* _What you are asked to do_
Print out the data precisely as it appears here, with no pictures.

* _Data extract_

+ + + +

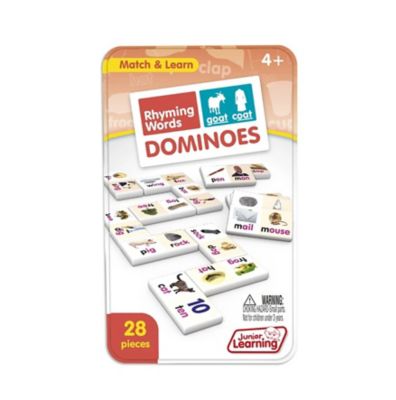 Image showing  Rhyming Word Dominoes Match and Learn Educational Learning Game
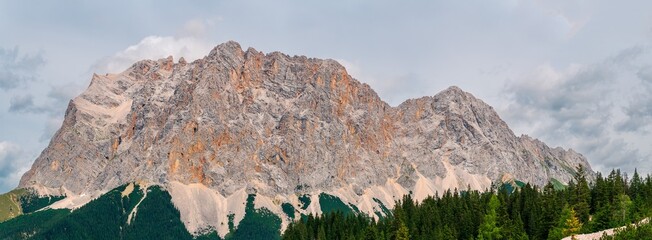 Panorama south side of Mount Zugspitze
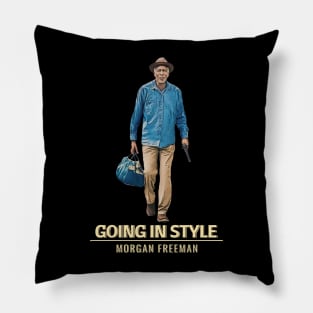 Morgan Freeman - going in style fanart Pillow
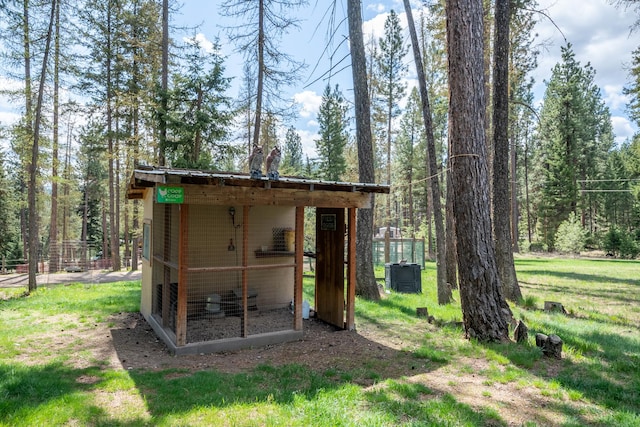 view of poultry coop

+ + + +

* _Solved exercise_
 Image showing  Rhyming Word Dominoes Match and Learn Educational Learning Game
 Panorama south side of Mount Zugspitze
 Morgan Freeman - going in style fanart Pillow
 view of poultry coop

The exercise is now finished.